Write out exactly the lines from the one that contains "Подключение концевиков дверей" down to the last line of the material below, keeping both ends and omitting pictures.
BEGIN
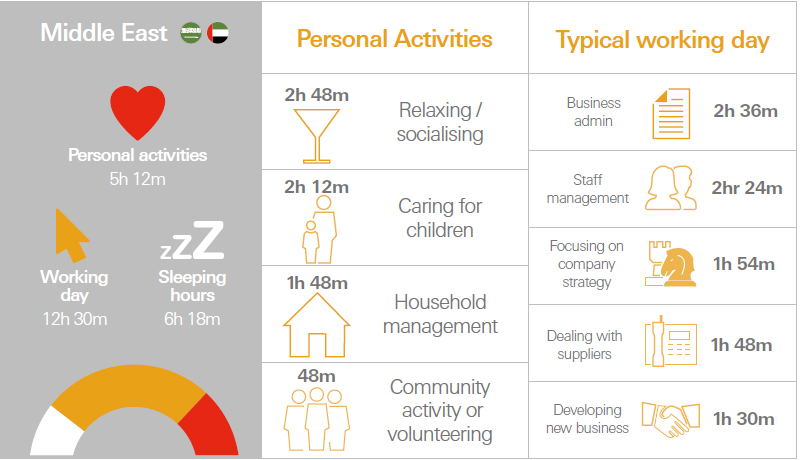Chart for a typical work day in Middle East between personal activities and typical working day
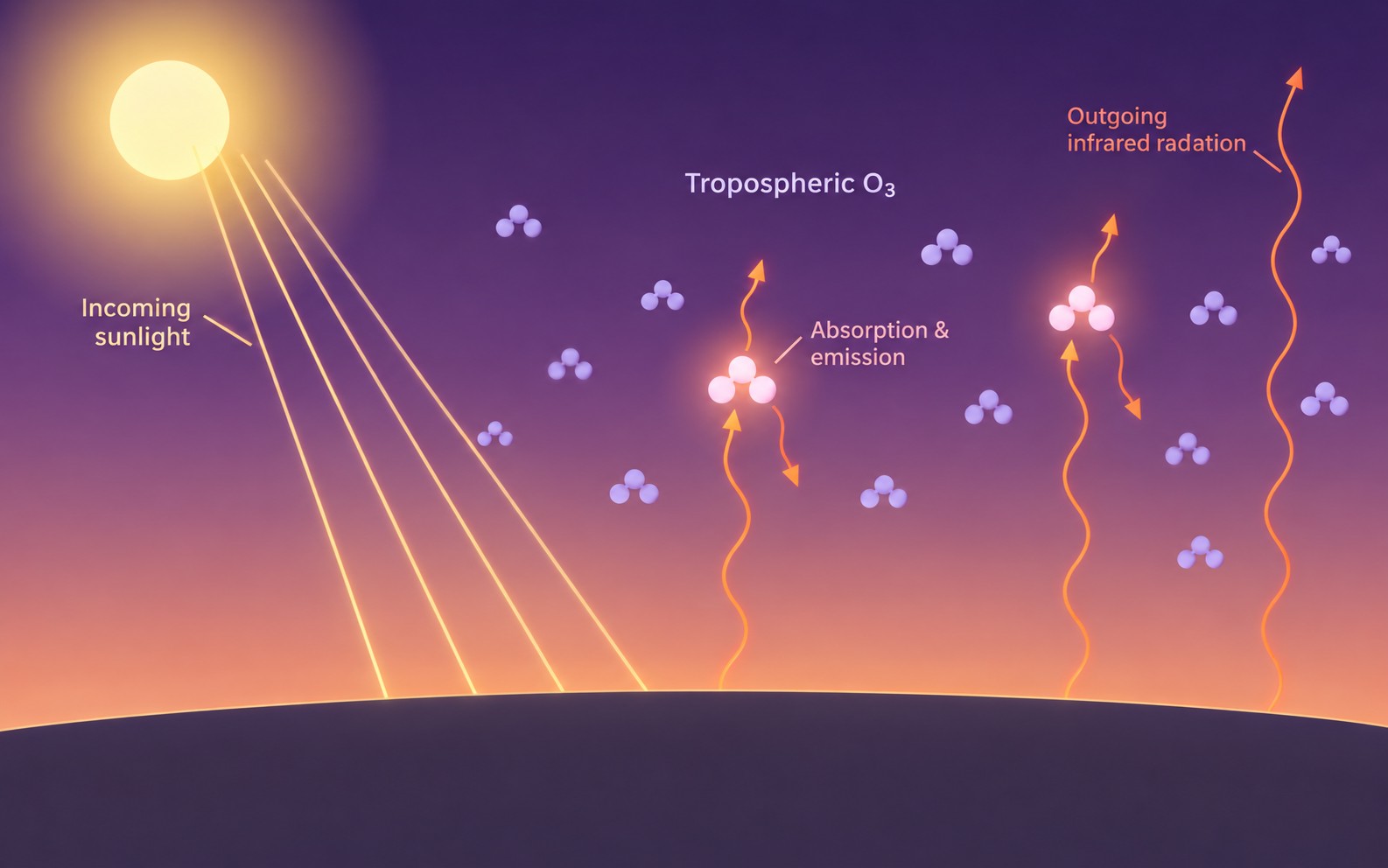 Illustration of ozone molecules spread through the troposphere absorbing heat radiated from Earth's surface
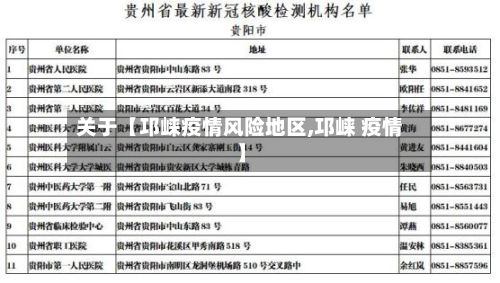 关于【邛崃疫情风险地区,邛崃 疫情】-第1张图片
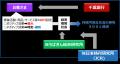 千葉銀行「ちばぎんポジティブインパクトファイナンス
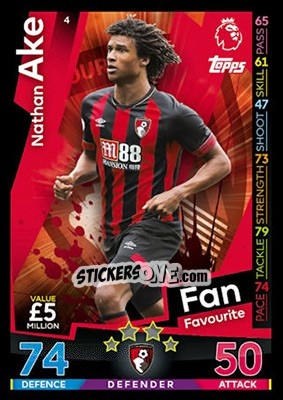 Sticker Nathan Ake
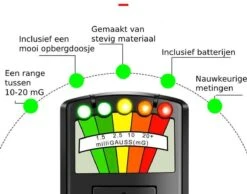 Lixda - K2 Meter - EMF Meter - K2 Emf Meter - INCLUSIEF Batterijen - Ghost Hunting Equipment - Spirit Box - Rem Pod -WerkPro Verkoopwinkel 1200x944 4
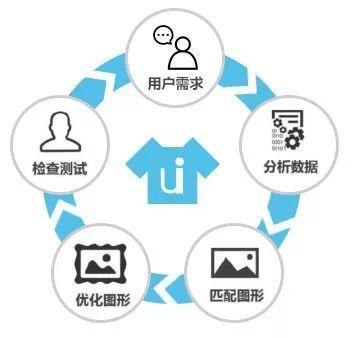 2025澳門跑馬圖每期自動更新,深入設(shè)計數(shù)據(jù)解析_22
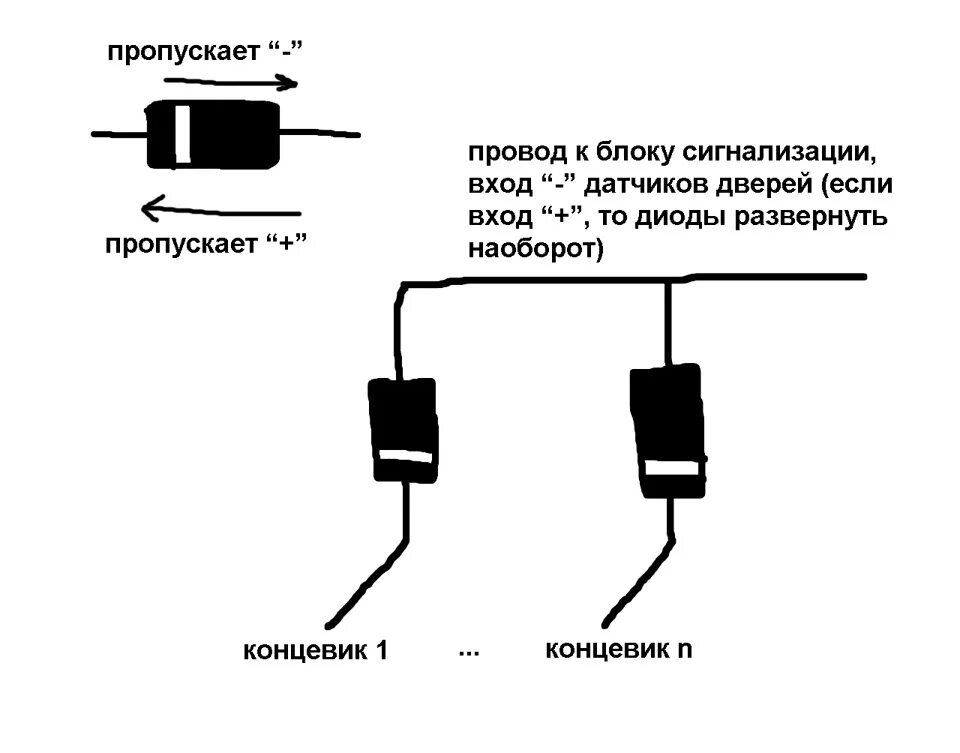 Подключение концевиков дверей к сигнализации через диоды установка сигнализации с автозапуском - Ford Mondeo I, 1,8 л, 1995 года электрон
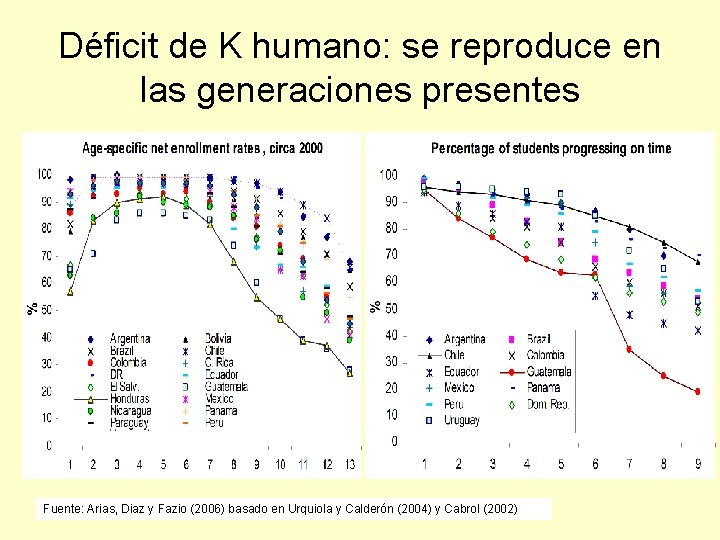 Déficit de K humano: se reproduce en las generaciones presentes Fuente: Arias, Diaz y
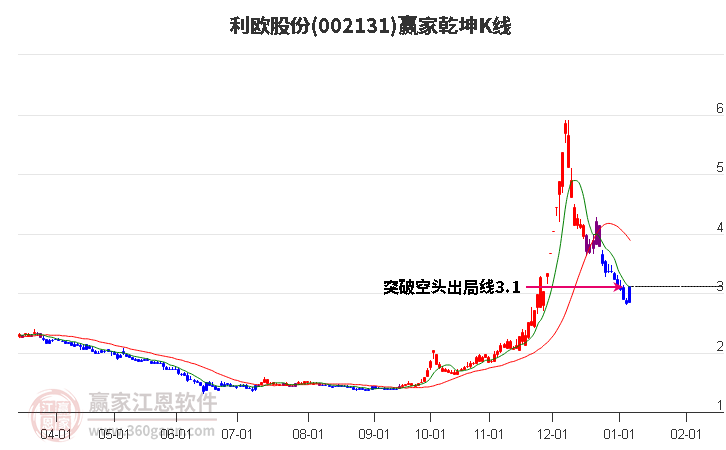 利歐股份 利歐股份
END
EXERCISE SOLUTION
 Подключение концевиков дверей к сигнализации через диоды установка сигнализации с автозапуском - Ford Mondeo I, 1,8 л, 1995 года электрон
 Déficit de K humano: se reproduce en las generaciones presentes Fuente: Arias, Diaz y
 利歐股份 利歐股份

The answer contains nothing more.